31 de mai. de 2014

Desnudança

Ela estava ali, no quarto de vestir que cheirava a cigarro e amargura, olhando sua imagem nua refletida no espelho. Uma alma boa a diria que precisava de umas férias, uma viagem pra descansar, conhecer coisas novas e, quem sabe, pessoas novas. Mas não havia ninguém que lhe pudesse dizer qualquer coisa. Era ela e o cigarro, um cinzeiro, o espelho a sua frente, o relógio acima deste e centenas de pares de roupas a sua volta. 

Olhava para aquelas roupas,precisava de algo para vestir. O relógio já batia 17 horas e a missa dominical começava às 19. Há 20 anos ela comparecia assiduamente a todas as celebrações; nunca, em hipótese alguma, faltara. Porém, nenhuma daquelas roupas lhe pareciam dignas de serem usadas, não que fossem de má qualidade, pelo contrário, eram belíssimas; porém, cada uma trazia a fragrância de um ex-alguém-que-já-lhe-fizera-feliz-mas-resolveu-que-deveria-partir. 

Atormentada com aquele dilema, decidiu ligar o rádio. Talvez, alguma melodia lhe trouxesse um pouco da felicidade que um dia vivera. No rádio tocava Benito di Paula,

Minha dor vai passando esquecida 
Vou vivendo essa vida do jeito que ela me levar 
Vamos falar de mulher, da morena e dinheiro 
Do batuque do surdo e até do pandeiro 
Mas não fale da vida, que você não sabe o que eu já passei

O tic-tac do relógio soava ao fundo daquela música, e ela pode perceber naquilo a sua metáfora existencial: o tic-tac na existência de uma grande melodia, que não seria percebido, a não ser que se discriminasse um pouco de atenção para sua insignificância. 
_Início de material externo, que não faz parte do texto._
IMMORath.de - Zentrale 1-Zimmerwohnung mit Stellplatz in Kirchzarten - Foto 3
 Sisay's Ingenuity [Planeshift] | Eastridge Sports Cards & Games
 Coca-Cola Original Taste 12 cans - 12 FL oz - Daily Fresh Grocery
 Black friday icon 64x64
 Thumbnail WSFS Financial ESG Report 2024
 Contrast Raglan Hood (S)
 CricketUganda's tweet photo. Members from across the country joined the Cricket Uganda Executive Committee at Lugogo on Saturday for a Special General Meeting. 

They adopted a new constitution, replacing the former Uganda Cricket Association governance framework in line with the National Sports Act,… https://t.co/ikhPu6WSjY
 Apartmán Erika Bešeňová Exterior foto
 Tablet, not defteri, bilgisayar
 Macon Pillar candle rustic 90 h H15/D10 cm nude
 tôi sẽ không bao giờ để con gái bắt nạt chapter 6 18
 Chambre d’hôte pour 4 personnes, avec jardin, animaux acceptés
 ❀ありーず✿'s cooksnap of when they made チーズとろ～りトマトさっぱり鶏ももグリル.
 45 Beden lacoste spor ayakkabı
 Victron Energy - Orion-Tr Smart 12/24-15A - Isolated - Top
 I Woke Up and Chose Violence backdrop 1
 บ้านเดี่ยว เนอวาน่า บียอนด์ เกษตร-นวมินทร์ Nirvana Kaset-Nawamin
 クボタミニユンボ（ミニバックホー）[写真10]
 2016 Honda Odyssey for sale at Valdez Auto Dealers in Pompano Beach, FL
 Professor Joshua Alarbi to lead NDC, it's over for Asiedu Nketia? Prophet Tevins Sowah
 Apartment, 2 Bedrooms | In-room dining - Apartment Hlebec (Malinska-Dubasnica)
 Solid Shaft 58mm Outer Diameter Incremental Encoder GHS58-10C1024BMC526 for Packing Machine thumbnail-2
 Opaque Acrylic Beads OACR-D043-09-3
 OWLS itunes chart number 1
Mas o tempo passava e ela continuava ali, nua, as roupas a sua volta, o cigarro já apagado no cinzeiro, o espelho que mostrava, através das marcas físicas, tudo aquilo que já havia sofrido emocionalmente. 

Resolveu pegar um vestido azul marinho. Não, foi usando ele que o último homem da sua vida a deixara para viajar o mundo com uma dinamarquesa que ela mesma havia hospedado em sua casa. 

Viu então uma blusa de um rosa quase branco, de estampa florida e delicada. Lembrou-se que foi usando aquela blusa, no consultório de seu médico, que recebera a notícia que sofrera um aborto espontâneo na oitava semana de gestação daquele que seria seu único filho.

Pensou que poderia ir vestida de uma maneira mais formal, com seu blazer cinza, como ia para seu emprego. Aliás, emprego do qual pedira demissão por não suportar mais o assédio do seu chefe, na sua insistência em levá-la para cama diversas vezes.

O relógio já mostrava quase 18 horas. Ela então saiu do quarto de vestir, passando pela sua suíte que tinha um forte cheiro de incenso, que se confundia com o cheiro do cigarro que sempre a acompanhava. Desceu as escadas, passou pela porta da cozinha, que estava devidamente organizada; diferente da sala, onde papéis do livro de autoajuda que estava escrevendo espalhavam-se pelo chão.

Chegara a porta da casa. Lembrou que estava nua. Pegou as chaves da casa, abriu a porta e saiu.

No quarto de vestir, o rádio tocava:

No caminho da rua sambei meia hora em cada esquina
 Entrei em boteco, fiz doze amigos do peito e da pinga 
Eu bebi, ri, subi em cima da mesa dizendo "seu moço 
Traz mais uma gelada que a nega aqui hoje teve alforria!"